Bennettitaleans first appear in the Triassic and became extinct toward the end of the Cretaceous. Two major groups are recognized: the cycadeoids with stout trunks and bisporangiate reproductive structures, and relatives of Williamsonia and Williamsoniella, which have slender, branching trunks and either bisporangiate or monosporangiate strobili.

Both groups had woody stems that were heavily armored with persistent leaf bases, much like modern cycads. Both produced entire simple leaves or pinnate foliage (VG 2:3), also like modern cycads. Indeed, the groups differ only in the details of stomatal morphology. This difference, when visible, permits unequivocal segregation of Mesozoic cycad and bennettitalean foliage, such as Nilssonia (VG 2:4). Note that this foliage form genus has also been linked to true cycads. Other foliage-types interpreted as benettitalean include , Anomozamites (VG 2:5) and Zamites (VG 2:6)

At one point, the bennettitaleans were put forward as possible flowering plant ancestors because of their flower-like bisexual reproductive structures (Figure 10.10). In Williamsoniella, for example, ovules alternate with interseminal scales on an ovulate receptacle at the center of several organ whorls (Figure 10.10a). This reminded some workers of the angiosperm carpel; to others, the complex alternation of interseminal scales and ovule-cupule seemed too derived to be the ancestral state of the angiosperm carpel. The next whorl out was occupied by microsporophylls bearing pollen sacs. This, in turn was surrounded by several whorls of bracts that many homologize with petals and sepals in flowering plants.
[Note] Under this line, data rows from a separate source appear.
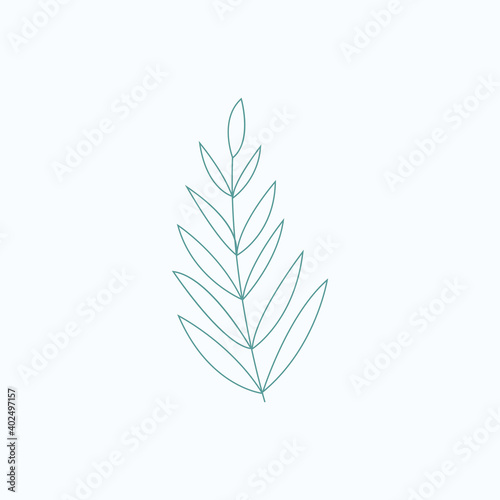 Eucalyptus leaf vector illustration. green flat style leaves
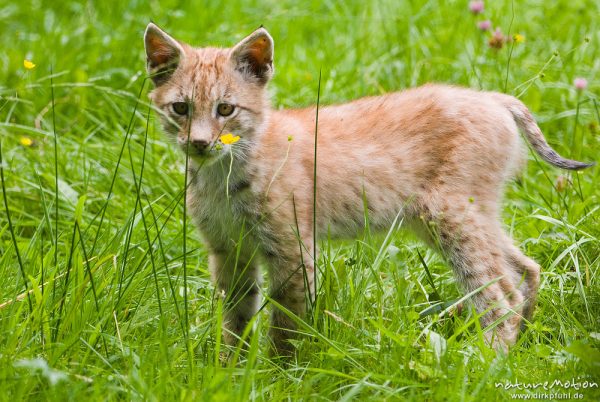 Luchs, Lynx lynx, Felidae,  Jungtier, Kätzchen im Gras, Gehege, Tierpark Sababurg, captive, Sababurg, Deutschland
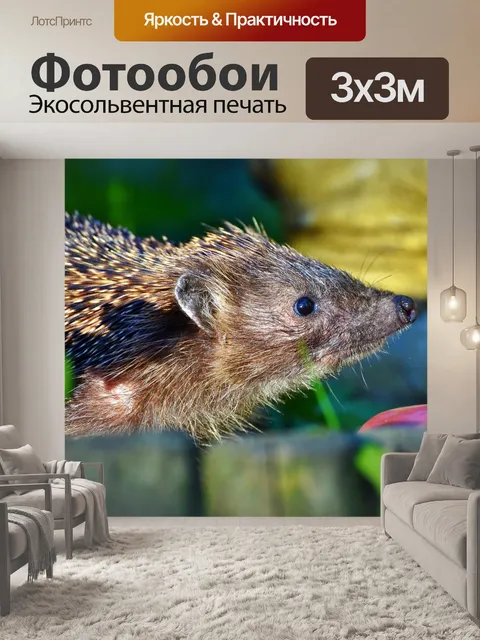 Фотообои Ежик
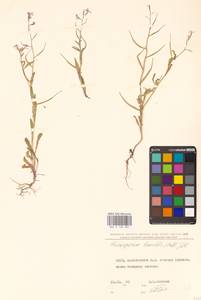 Chorispora tenella (Pall.) DC., Eastern Europe, North Ukrainian region (E11) (Ukraine)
Figure 10.9: (A) Reconstuction of Williamsonia sewardiana with spirally arranged leaf scars. (B) Cycadeoidea trunk and foliage drawn for comparison of proportions.

Other bennettitaleans bore monosporangiate reproductive structures. Ovulate structures, such as Williamsonia, featured ovulate receptacles, interseminal scales and surrounding bracts, but lacked microsporophylls (Figure 10.10b)(VG 2:7). Pollen organs were composed of a whorl of microsporophylls bearing synangia (Figure 10.10c) (VG 2:8). Note the homoplasy in this character -- bisexual reproductive structures -- that is supposed to be characteristic of the anthophyte clade.

More recently, some phylogenetic studies have concluded that the group is a close relative of the angiosperms along with the gnetophytes and Pentoxylon in a group dubbed the anthophytes. This conclusion about bennettitalean relationships is founded upon a series of shared characteristics, including structure of the xylem (water-conducting cells), pollen-producing structures, pollen shape, and seed development. Though there is not a consensus among evolutionary biologists about the nature of the relationships, the same cluster of plant groups has surfaced in several analyses.

Bennettitalean cones Figure 10.10: Examples of bennettitalean reproductive structures. (A) Williamsoniella bisexual reproductive structure. Note microsporophylls with microsporangia embedded within. (B) Williamsonia ovulate structure. (C) Weltrichia pollen-bearing structure with detail of microsporophyll showing attached synangia.